- MATERIAL TO PROCESS -
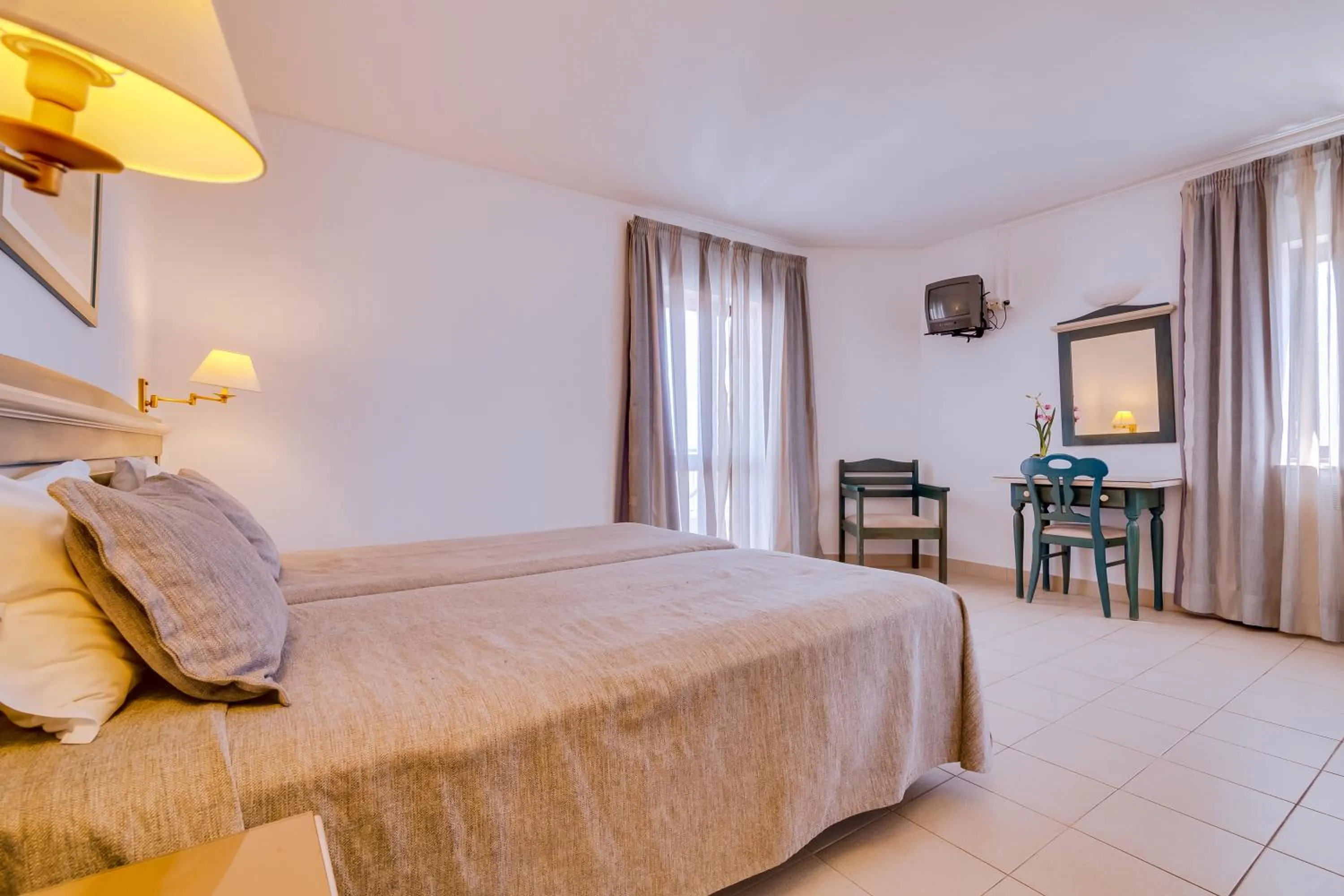 Bed in Hotel Mar A Vista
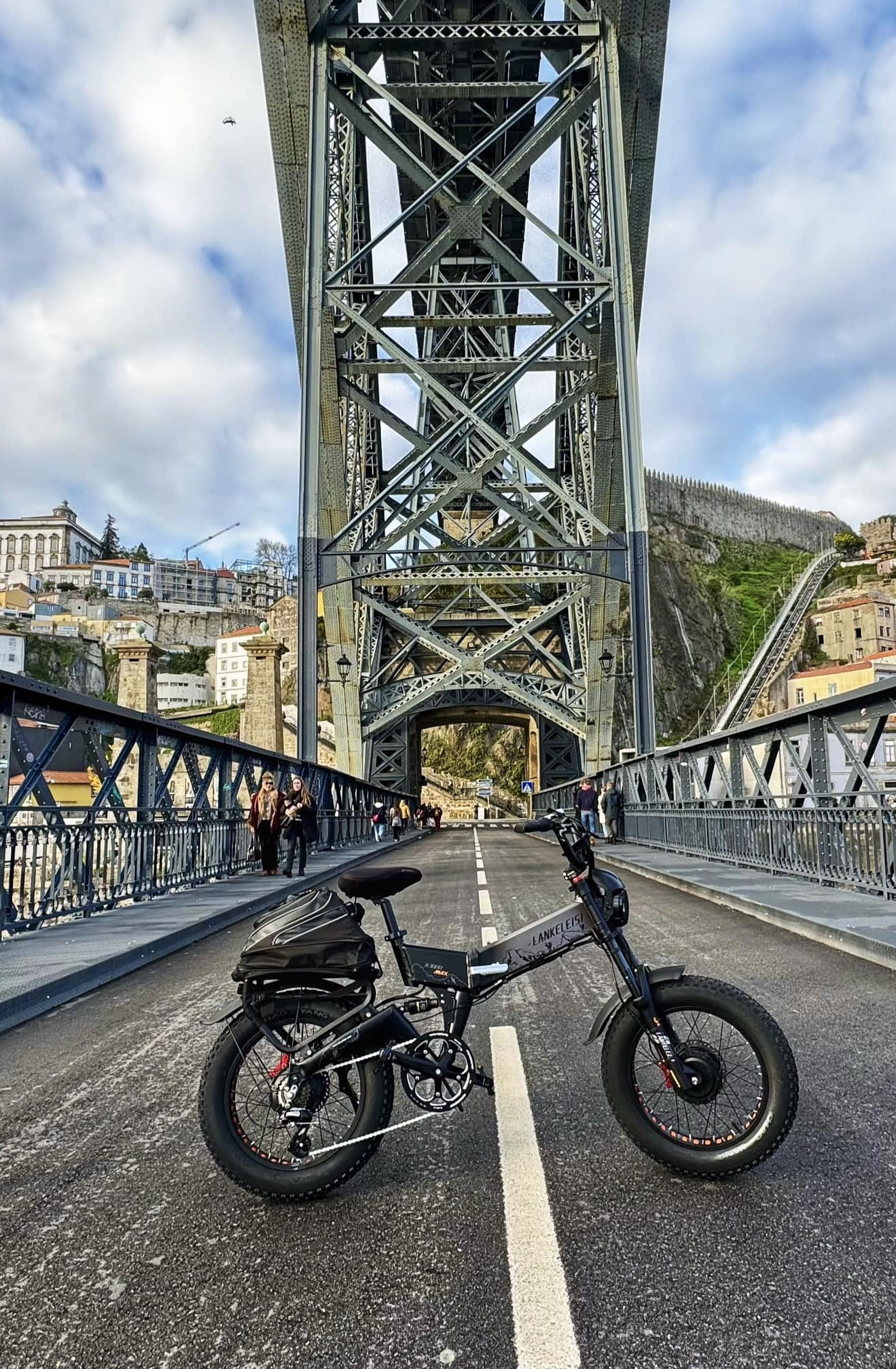 X3000 MAX bicicletta elettrica urbana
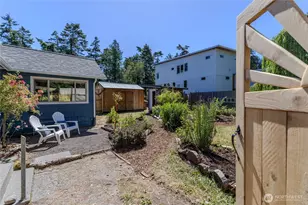 305 49th St, Port Townsend, WA 98368 - Photo 29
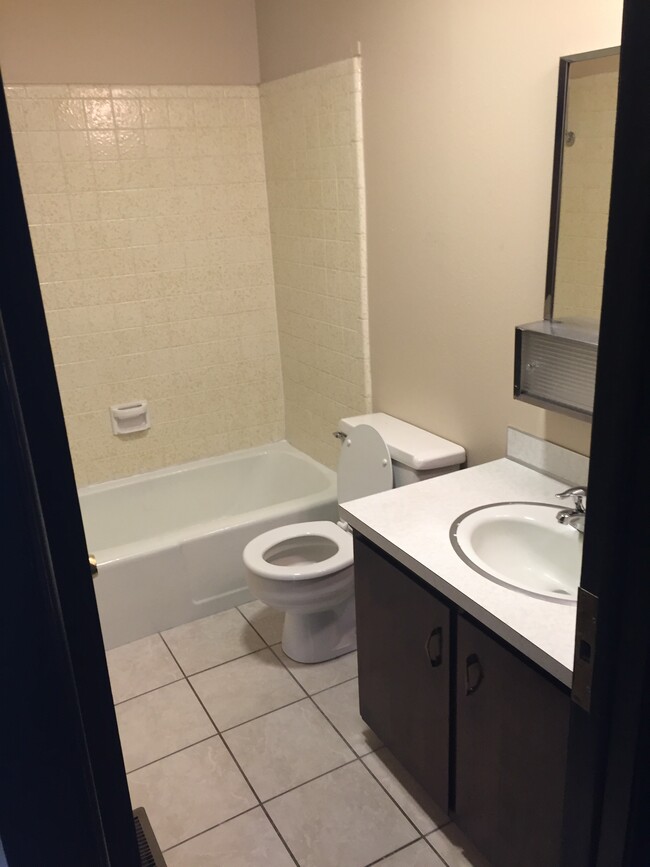 564 S 200 W unit 564, Logan, UT 84321 - photo 7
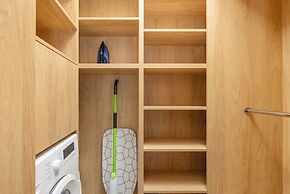 Beachside Apartment by Renters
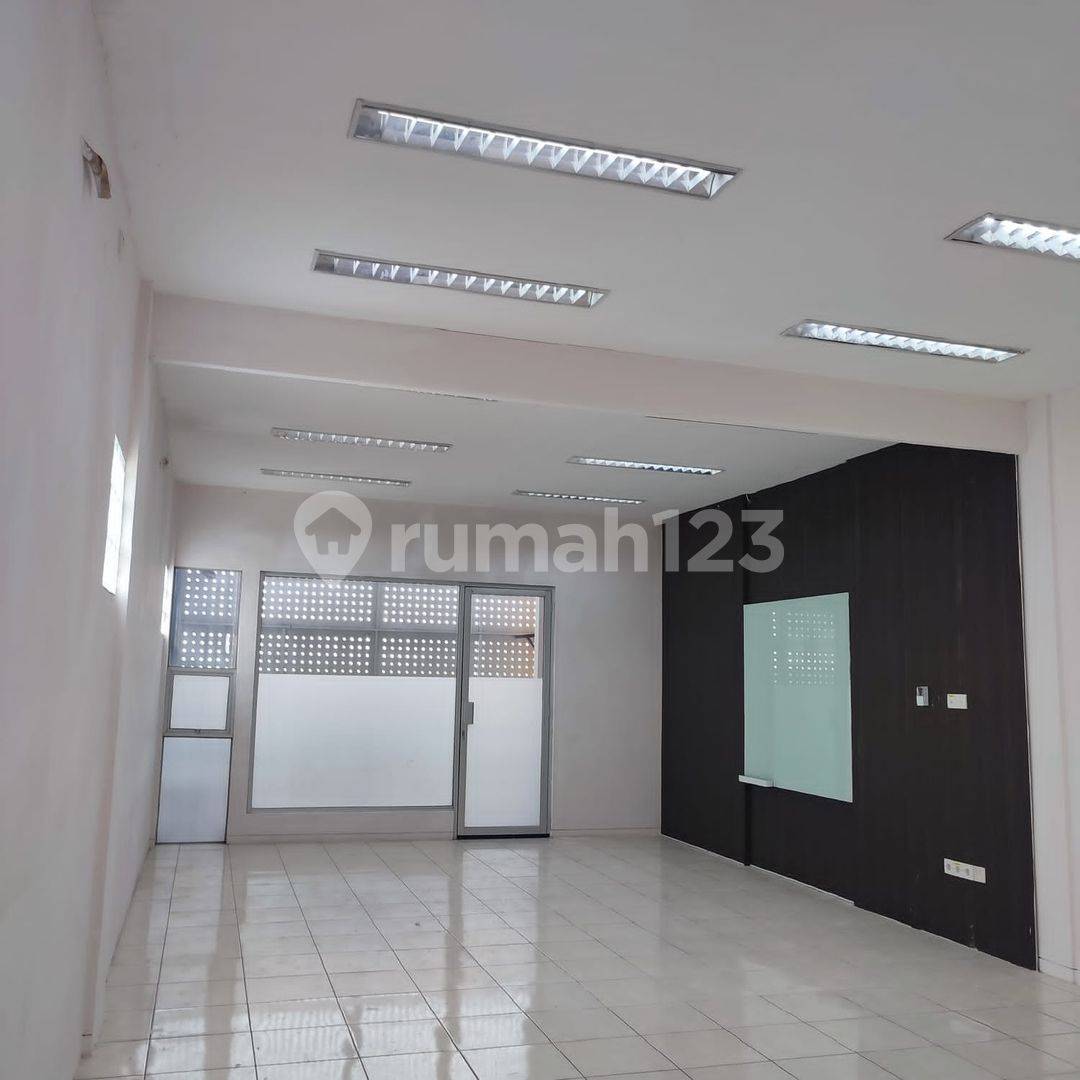 Commercial Property in Central Semarang - 3-Story Shophouse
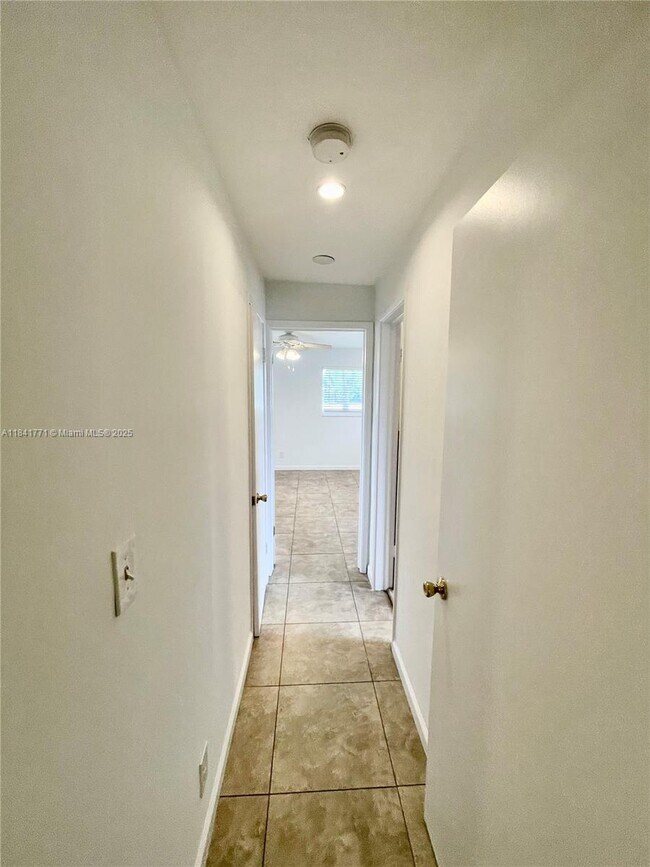 Building Photo - 4430 W Broward Blvd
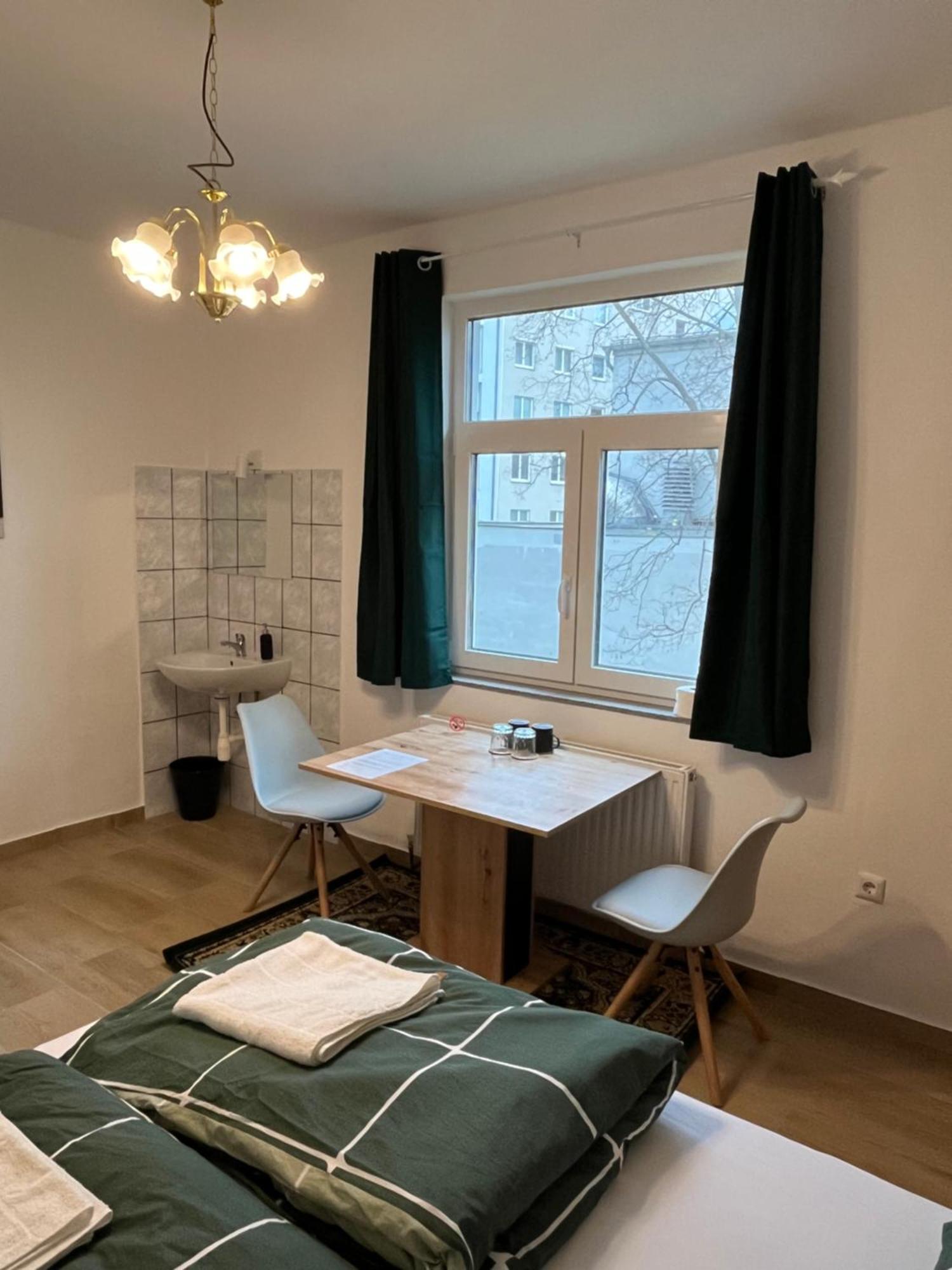 Traveler Lodging Vienna Esterno foto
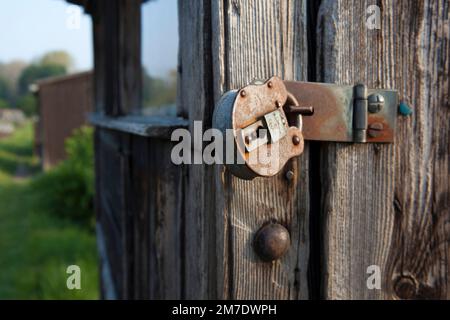 Un hangar sur une allotement verrouillé carseentilly avec un vieux cadenas rouillé. Banque D'Images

- TASK PROMPT -
What you output must be exactly the lines from the line with "564 S 200 W" through the last line of the listing, pictures excluded.

- SOLUTION FOR THIS TASK -
 564 S 200 W unit 564, Logan, UT 84321 - photo 7
 Beachside Apartment by Renters
 Commercial Property in Central Semarang - 3-Story Shophouse
 Building Photo - 4430 W Broward Blvd
 Traveler Lodging Vienna Esterno foto
 Un hangar sur une allotement verrouillé carseentilly avec un vieux cadenas rouillé. Banque D'Images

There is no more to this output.